In response to renewed calls to overhaul the student finance system, the universities minister Jo Johnson insisted last week that the “current system works”. He pointed out that a university degree boosts “lifetime income by between £170,000 and £250,000”.
What he failed to mention is that not even the people administering the loan system can tell students what they will be expected to pay back each month, because they can’t work out what they’ll earn.
When asked by the New Statesman why it had pulled an online calculator designed to tell students what their repayments would be, the Student Loans Company (SLC) said it wasn’t “possible to answer customers’ questions about how long it will take to repay their loan or how much they will owe at a point in the future because there is no accurate way of predicting their future earning”.
The confusion around student loans stems from the fact that, unlike loans from banks, their repayment is income contingent.
Until May last year, the SLC had a calculator on its website which students and parents could use to predict how much they may have to repay in the future. But after Andrew McGettigan, a higher education journalist, emailed the SLC noting that the calculator did not take into account gender inequality in future salaries, it was swiftly taken down.
It was in response to queries about this calculator from the New Statesman that the SLC admitted that there was no accurate way to predict future repayments. The organisation added that it was “exploring new and better ways to present information” to its customers.
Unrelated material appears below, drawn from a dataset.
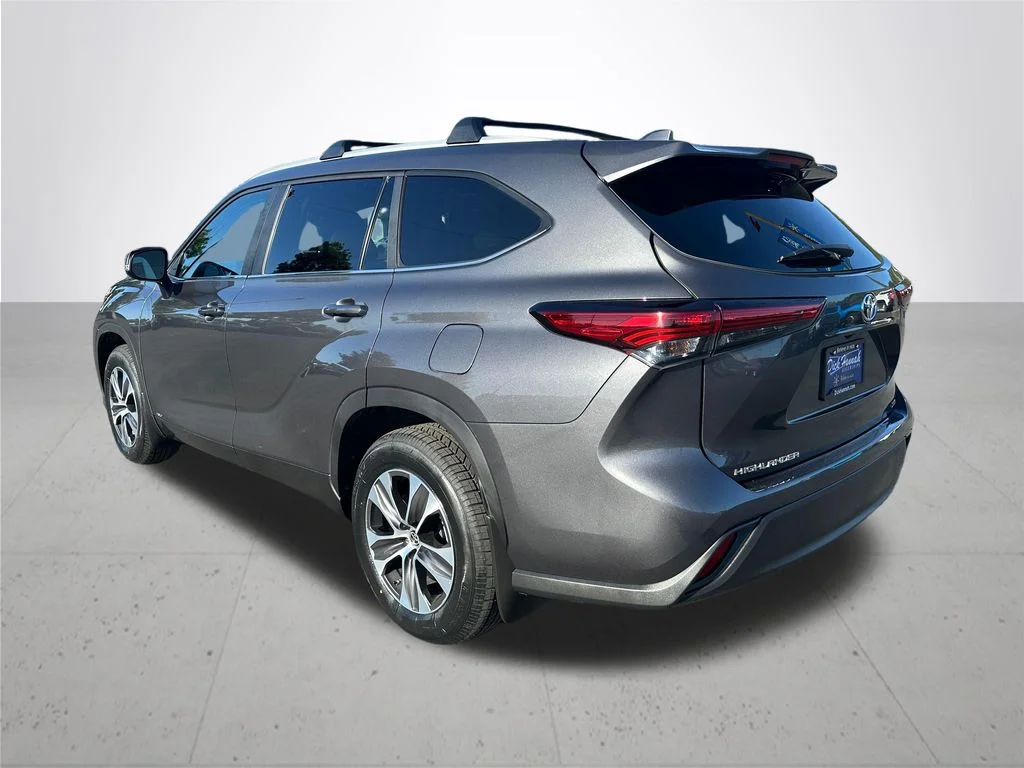 Used 2023 Gray Toyota XLE image 9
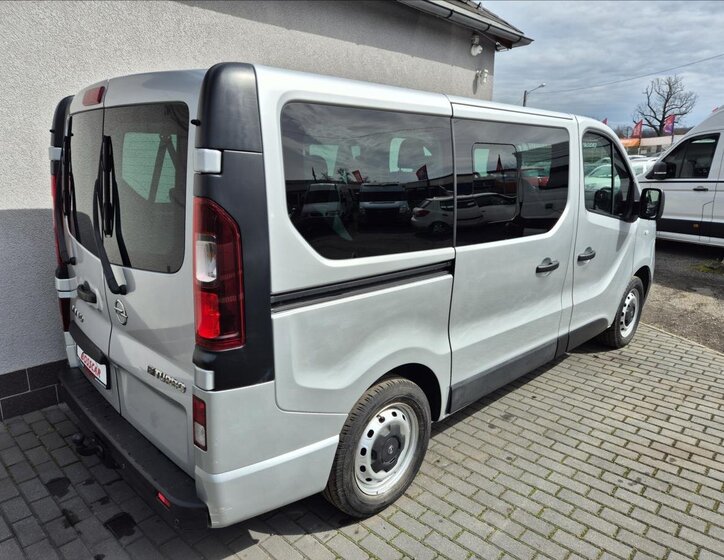 Opel Vivaro Kombi 1,6 l 92 kw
This admission appears to undermine Johnson’s “fair and equitable” description of the student finance system. If even SLC can’t say what repayments could look like, how do we know?
Further controversy around student loan repayments is expected when a report is published later this year by the Department for Education on student finance and expenditure. This is expected to highlight the discrepancy between the maintenance loans students receive and rising rent costs.
There are still a range of unofficial student loan calculators on the internet, but many use overly optimistic projections for future earnings. McGettigan says this is because they are based on salary trends from the 1980s to the 2010s. He also adds that these unofficial calculators are all based on the official one that was removed – and that they also do not take into account the impact of Brexit. It’s a stab in the dark.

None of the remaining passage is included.